The output is the lines below from the one with "Ellen Wille Wigs" through the one with "Hati Dah Tertutup!", both included, printed exactly and with no other line.

Extracted data entries
= = = = = = =

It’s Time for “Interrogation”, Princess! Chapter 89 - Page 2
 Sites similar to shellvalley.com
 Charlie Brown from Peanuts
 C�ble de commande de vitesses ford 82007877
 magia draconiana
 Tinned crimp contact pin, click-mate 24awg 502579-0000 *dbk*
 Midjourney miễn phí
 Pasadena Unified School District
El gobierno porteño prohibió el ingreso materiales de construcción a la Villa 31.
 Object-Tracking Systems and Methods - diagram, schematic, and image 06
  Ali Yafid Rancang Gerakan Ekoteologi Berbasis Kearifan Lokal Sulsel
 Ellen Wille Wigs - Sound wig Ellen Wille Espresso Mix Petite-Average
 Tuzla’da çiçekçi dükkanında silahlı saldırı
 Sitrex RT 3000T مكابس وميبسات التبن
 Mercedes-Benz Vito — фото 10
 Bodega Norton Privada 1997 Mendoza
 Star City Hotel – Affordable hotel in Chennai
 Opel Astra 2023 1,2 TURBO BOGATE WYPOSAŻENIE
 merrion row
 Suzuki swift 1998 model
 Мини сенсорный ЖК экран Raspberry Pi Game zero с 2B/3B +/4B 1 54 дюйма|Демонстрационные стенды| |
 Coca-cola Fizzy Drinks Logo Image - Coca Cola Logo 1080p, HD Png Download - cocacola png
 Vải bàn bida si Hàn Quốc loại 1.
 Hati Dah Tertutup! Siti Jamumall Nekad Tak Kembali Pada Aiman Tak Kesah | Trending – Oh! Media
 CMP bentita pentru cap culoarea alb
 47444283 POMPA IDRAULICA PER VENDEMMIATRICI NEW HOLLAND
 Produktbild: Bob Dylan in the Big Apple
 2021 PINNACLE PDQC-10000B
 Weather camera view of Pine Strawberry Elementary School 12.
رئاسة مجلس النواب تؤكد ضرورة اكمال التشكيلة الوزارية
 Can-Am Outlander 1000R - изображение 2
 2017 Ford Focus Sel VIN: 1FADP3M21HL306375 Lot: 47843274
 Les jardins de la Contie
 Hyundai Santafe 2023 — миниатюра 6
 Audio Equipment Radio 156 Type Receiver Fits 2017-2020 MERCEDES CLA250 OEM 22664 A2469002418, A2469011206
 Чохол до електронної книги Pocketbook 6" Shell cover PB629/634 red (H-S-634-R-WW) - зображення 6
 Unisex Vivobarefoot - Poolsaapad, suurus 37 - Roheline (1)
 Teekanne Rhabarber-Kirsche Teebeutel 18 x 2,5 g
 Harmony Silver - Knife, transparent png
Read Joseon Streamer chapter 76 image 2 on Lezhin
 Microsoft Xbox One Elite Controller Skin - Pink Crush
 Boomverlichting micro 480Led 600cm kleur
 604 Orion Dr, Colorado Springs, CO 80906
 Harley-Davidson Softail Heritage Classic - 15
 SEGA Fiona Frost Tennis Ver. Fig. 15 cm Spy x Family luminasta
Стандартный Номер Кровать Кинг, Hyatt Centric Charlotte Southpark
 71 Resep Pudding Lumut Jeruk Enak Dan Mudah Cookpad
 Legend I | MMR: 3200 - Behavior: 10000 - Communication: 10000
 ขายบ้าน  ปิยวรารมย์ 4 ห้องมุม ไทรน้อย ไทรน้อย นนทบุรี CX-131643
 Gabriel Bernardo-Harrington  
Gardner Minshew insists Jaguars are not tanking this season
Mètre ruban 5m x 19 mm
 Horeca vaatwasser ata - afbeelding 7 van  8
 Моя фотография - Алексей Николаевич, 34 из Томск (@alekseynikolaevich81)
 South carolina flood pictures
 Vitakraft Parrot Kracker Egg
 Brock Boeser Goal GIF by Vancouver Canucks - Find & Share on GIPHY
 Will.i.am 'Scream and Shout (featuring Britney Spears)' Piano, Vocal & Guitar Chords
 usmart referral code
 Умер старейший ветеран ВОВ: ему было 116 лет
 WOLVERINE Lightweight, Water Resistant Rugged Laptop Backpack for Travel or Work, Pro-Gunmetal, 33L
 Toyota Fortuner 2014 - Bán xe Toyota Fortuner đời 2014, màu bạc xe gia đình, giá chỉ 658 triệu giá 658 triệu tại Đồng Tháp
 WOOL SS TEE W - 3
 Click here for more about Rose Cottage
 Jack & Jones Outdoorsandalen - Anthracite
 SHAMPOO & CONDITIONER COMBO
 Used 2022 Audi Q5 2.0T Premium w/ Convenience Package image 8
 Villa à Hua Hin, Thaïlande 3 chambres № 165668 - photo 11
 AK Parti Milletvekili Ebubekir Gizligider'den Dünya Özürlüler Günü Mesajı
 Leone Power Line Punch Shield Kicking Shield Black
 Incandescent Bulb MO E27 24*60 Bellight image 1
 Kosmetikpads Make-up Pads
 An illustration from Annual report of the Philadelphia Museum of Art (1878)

= = = = = = =

* Finished exercise *
 Ellen Wille Wigs - Sound wig Ellen Wille Espresso Mix Petite-Average
 Tuzla’da çiçekçi dükkanında silahlı saldırı
 Sitrex RT 3000T مكابس وميبسات التبن
 Mercedes-Benz Vito — фото 10
 Bodega Norton Privada 1997 Mendoza
 Star City Hotel – Affordable hotel in Chennai
 Opel Astra 2023 1,2 TURBO BOGATE WYPOSAŻENIE
 merrion row
 Suzuki swift 1998 model
 Мини сенсорный ЖК экран Raspberry Pi Game zero с 2B/3B +/4B 1 54 дюйма|Демонстрационные стенды| |
 Coca-cola Fizzy Drinks Logo Image - Coca Cola Logo 1080p, HD Png Download - cocacola png
 Vải bàn bida si Hàn Quốc loại 1.
 Hati Dah Tertutup! Siti Jamumall Nekad Tak Kembali Pada Aiman Tak Kesah | Trending – Oh! Media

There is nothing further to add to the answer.